—C'est le Jean-Louis, sang du Christ! Je le reconnais à sa mâture élevée et à ses allures de brick de guerre.
—Impossible! Le paysan que nous avons rencontré il y a trois jours à peine, nous a dit que Marcof était allé à Paimboeuf et qu'il ne reviendrait que dans douze jours au plus tôt.
—Je le sais; mais néanmoins, c'est le Jean-Louis, j'en réponds!...
—Marcof n'est peut-être pas à bord.
—Allons donc! Le Jean-Louis ne prend jamais la mer sans son damné patron.

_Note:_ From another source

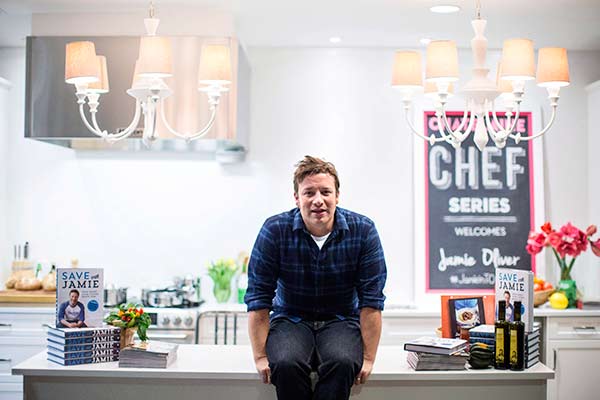 Jamie Oliver launches a food 'revolution', one egg at a time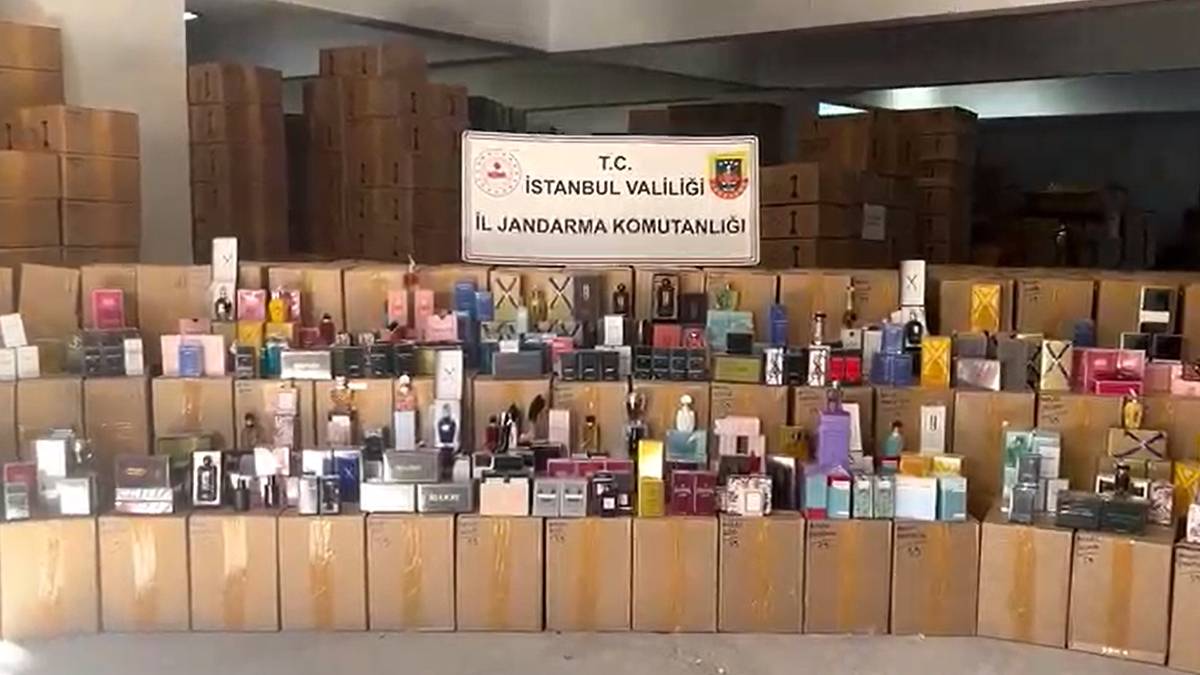 İstanbul'da 350 milyon liralık sahte parfüm operasyonu: 120 bin şişe ele geçirildi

—Alors si c'est Marcof, Diégo, raison de plus pour chercher promptement un asile sûr!...
—C'est mon avis, Raphaël; car si ce diable incarné connaît la vérité, et Jocelyn la lui apprendra sans doute, il va se mettre à nos trousses. Or, je l'ai vu à l'oeuvre, et je sais de quoi il est capable. Je suis brave, Raphaël, je ne crains personne, et tu as assisté, près de moi, à plus d'une rencontre périlleuse, n'est-ce pas? Eh bien!... tout brave que je sois et que tu sois toi-même, nous ne pouvons rivaliser d'audace et d'intrépidité avec cet homme. Il semble que la lutte, le carnage et la mort soient ses éléments. Marcof, sans armes, attaquerait sans hésiter deux hommes armés, et je crois, sur mon âme, qu'il sortirait vainqueur de la lutte! Hâtons-nous donc de regagner Quimper, Raphaël, et mettons sans plus tarder ton sage projet à exécution. Un jour nous trouverons l'occasion de nous défaire de cet homme, j'en ai le pressentiment! Mais, en ce moment, ne compromettons point l'avenir par une imprudence.
Le comte et le chevalier, pressant leurs montures, quittèrent la route des falaises en prenant la direction de Quimper.